CIOs rarely put “manage legacy systems” on their holiday wish lists. Yet every year-end, as budgets are finalized and strategic roadmaps are reviewed, the same unwelcome guest appears in the form of decades of historical ERP data and aging infrastructure that holds it.

The ERP Inheritance Problem

Most SAP S/4HANA business cases are built on promises of clean cores, standardized processes, and rapid innovation. However, what starts as a transformation often turns into an inheritance project. Instead of designing purely for the future, IT teams find themselves heavily taxed by the past. They are forced to carry forward custom code, process variants, and massive data footprints from previous ERP generations.

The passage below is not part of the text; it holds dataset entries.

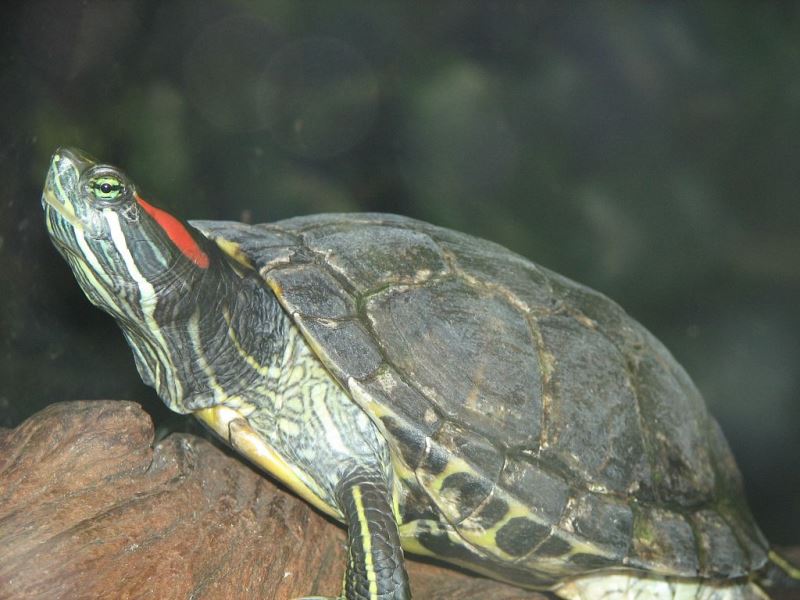 Red eared slider (terrapin) by Trisha M Shears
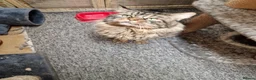 Maine Coon cats for stud: DENVER offered for stud services in Southampton - Advert 4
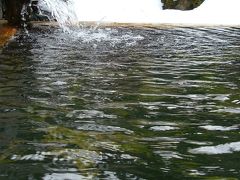 「 広田鉱泉くつろぎの宿　奥の湯  湯 元 館 」 の 旅 ＜ 新潟県柏崎市 ＞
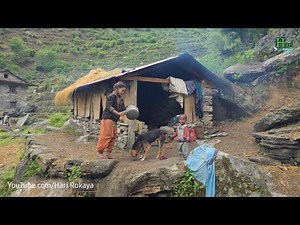 This is Rural Himalayan Nepali Village Lifestyle | Organic Food Cooking in Jungle Family | Rainy Day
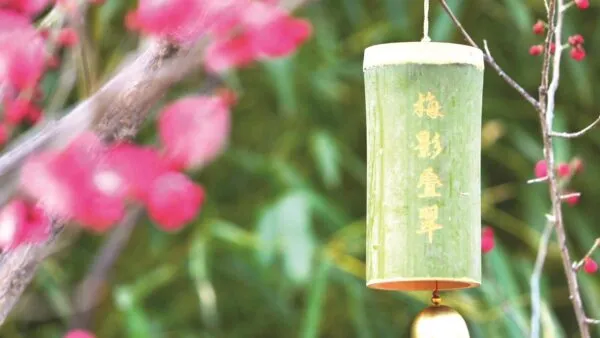 磁州水墨园: 梅花吐蕊 幽香满园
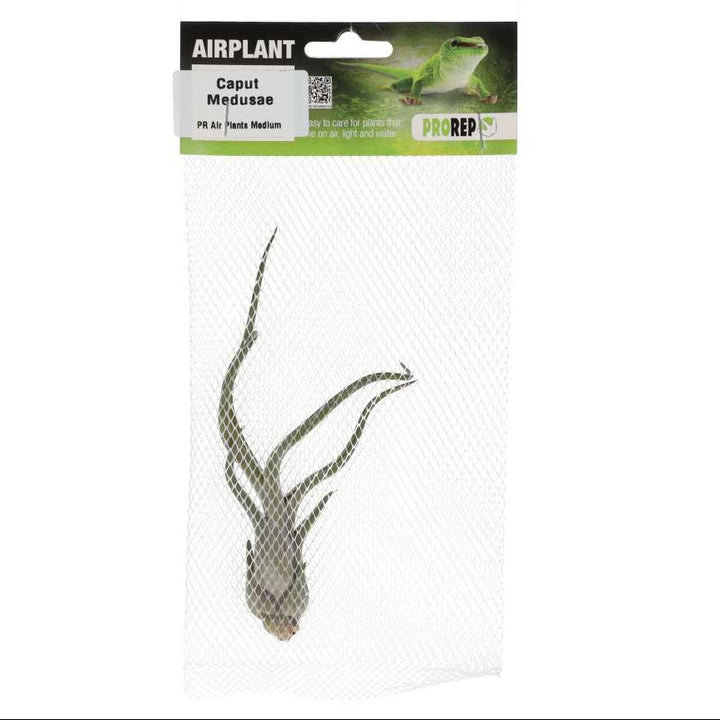 Tillandsia caput-medusae (Medusa's Head Air Plant)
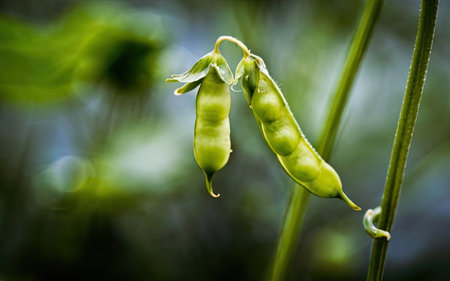 Pea pods in the garden, close-up of pods.の素材
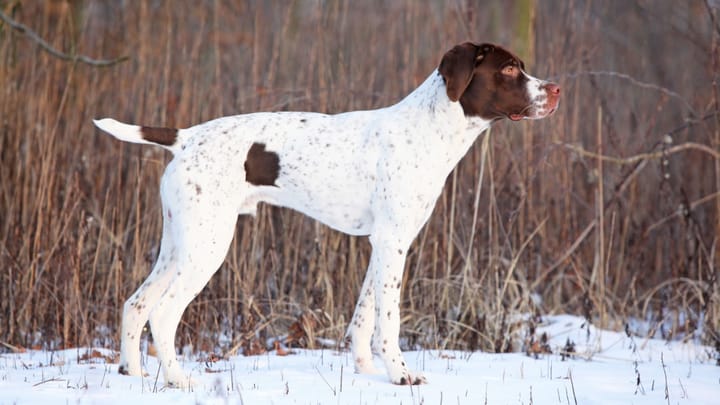 Foto: volwassen hond ras Braque Français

This technical inheritance can drain an organization’s resources. Therefore, for CIOs, especially, every dollar spent maintaining a frozen SAP ECC environment or patching a legacy non-SAP application is a dollar they cannot spend on AI, cloud innovation, or customer experience. The project isn’t just about implementing the new; it’s about paying for the old.

The Brownfield Reality

This challenge is the result of the Brownfield, or selective data transition, often winning out over a Greenfield approach, as finance, tax, and legal departments cannot simply delete the last 15 years of business history. They need access to old invoices, audit trails, and asset lifecycles for statutory compliance.

Consequently, many organizations compromise by moving to SAP S/4HANA while keeping their legacy systems running in the background for read-only access. This creates a shadow estate of applications that offer no business value but continue to consume licenses, infrastructure, and energy.

Accept the Data, Not the System

Organizations can break this cycle when they realize they can accept the inheritance of data without taking on the burden of the system. Data Migration International’s (DMI’s) JiVS Information Management Platform (IMP) helps organizations in this endeavor by creating a clean break and decoupling historical information from the application that created it.

With JiVS, organizations can migrate 100% of their legacy structured and unstructured data into a system-independent, legally compliant retention platform. This allows them to fully decommission SAP or non-SAP source systems while ensuring auditors and business users continue to have immediate access to the information they need. The result is often a reduction in operational costs by up to 80% and a significantly leaner, faster migration to SAP S/4HANA.

Data Versus Systems

For the modern CIO, it is essential to distinguish that legacy data is not the enemy; unmanaged legacy systems are. Data is institutional memory; it is an asset.

However, a legacy system is a liability that prevents the organization from moving quickly. By using a platform like JiVS to separate the two, leaders can finally stop inheriting the past and start fully investing in the future.

What This Means for ERP Insiders

Organizations must move beyond legacy systems to keep a Clean Core. While the allure of a Greenfield SAP S/4HANA implementation is a fresh start, the reality for most enterprises is a complex Brownfield or hybrid scenario. However, organizations cannot ignore the past to build the future. Thus, the challenge lies in how organizations can keep legacy data, which is a legal and audit requirement, without treating the new SAP S/4HANA system as a dumping ground for historical data. Organizations that cannot meet this task effectively turn their digital transformation into an expensive inheritance exercise and risk polluting the new clean core with decades of process variants.

Maintaining legacy systems solely for data retention raises costs and inefficiencies. Keeping legacy systems running consumes infrastructure and licenses. However, more critically, it ties up scarce functional expertise. Organizations that maintain such systems solely to preserve legacy data force their IT teams to bankroll technical debt rather than fund innovation. ERP Insiders must therefore recognize that data retention does not require application retention to break this cycle.

Decouple to accelerate migration. Data Migration International presents a specific architectural approach—typified by its JiVS IMP—where data is strictly decoupled from the application layer. By moving 100% of structured and unstructured data to a system-independent layer, organizations can retire the source system entirely while maintaining legal certainty over their data. This is a migration accelerator, reducing SAP S/4HANA migration effort by 50%.